Central Bank of Oman (CBO) is gearing up to launch Direct Debit service
The service, likely to be launched before the end of this year, will be the latest in a string of initiatives spearheaded by the country’s apex bank to enable transactions to be conducted electronically.
The rollout of these initiatives, which include the digital processing of salary payment, inclusion of micro-businesses in the e-payment system, and the mandating of the private sector to use e-payments, has been made possible by upgrades to the National Payments infrastructure, as well as the National Payment Systems (NPS) Law, a high-level official said.
“Direct debit is a service where the payer will give authority to the beneficiary to draw money from his account, and this is done through a mandate,” said Ali Hamid al Jabri (pictured), Manager – Payment Systems, CBO. “Its (rollout) was delayed because the legal framework did not support the direct debit facility. However, we have now included it in the NPS Law, which now gives the Central Bank the power to regulate direct debit.”
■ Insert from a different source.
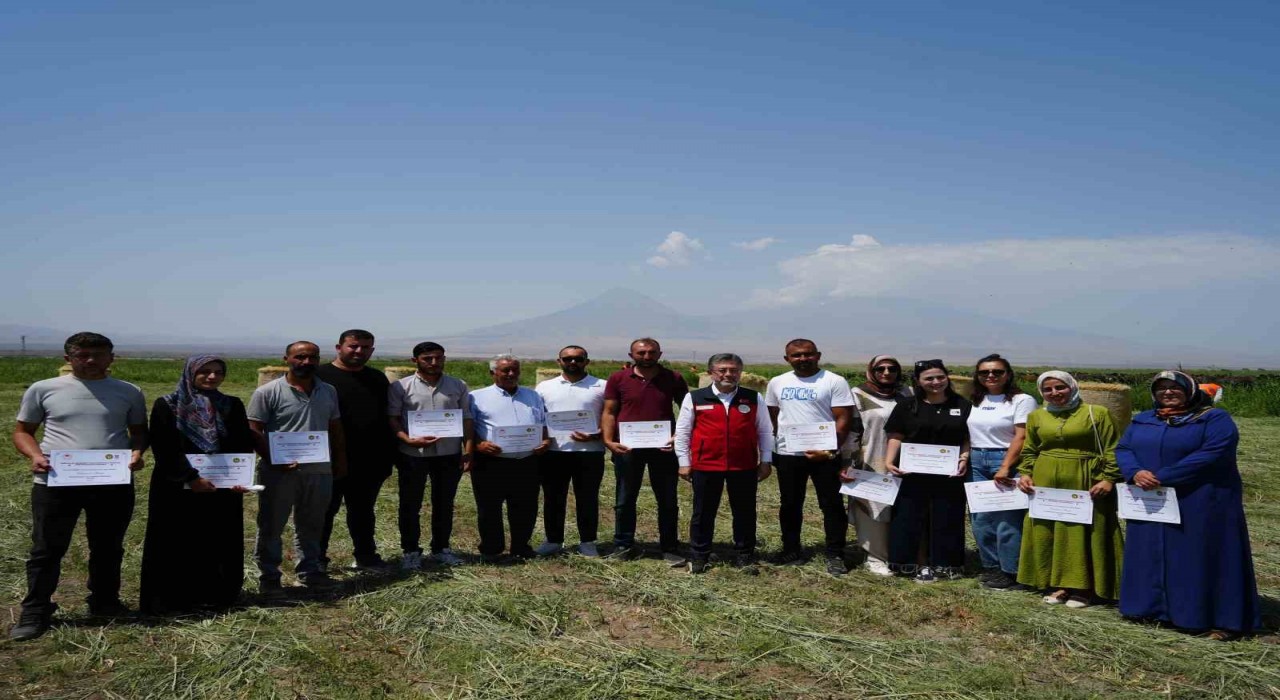 Bakan Yumaklı, Iğdırda Kırsalda Bereket Hayvancılığa Destek Projesi kapsamında ilk hayvan teslim törenine katıldı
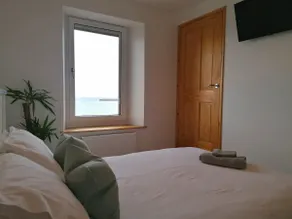 Stunning Seafront Location With Panoramic Views - Image 4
The apex bank, Al Jabri noted, is currently working on the “e-mandate” for direct debit – an e-authorisation effectively authorising, for example, a utility to deduct the monthly bills for mobile subscription or other utility payments.
“When operational, the customer can issue an e-mandate from the website of service provider with an e-authorisation form. The customer gives their consent to the utility to deduct the billed amount from their account. We are working right now on the e-authorisation, using the Public Key Infrastructure PKI (which is under the remit of the Royal Oman Police) and utilise current services offered by banks such as mobile banking and Internet banking.” Significantly, once legalised, direct debit mandates will have legal power similar to cheques.
Also on the anvil for imminent launch by the Central Bank is the International Bank Account Number (IBAN) system – a globally accepted format for numbering overseas bank accounts.
The new system will help enhance the safety and security of banking transactions between customers across national borders. It will complement the SWIFT (Society for Worldwide Interbank Financial Telecommunication) system currently in place in the Sultanate of Oman for identifying banks. While SWIFT is a code that is primarily used to pinpoint a specific bank during an international transaction, the IBAN system is used to identify an individual account involved in an overseas transaction. The official made the announcement during a recent conference on new banking developments held in the city.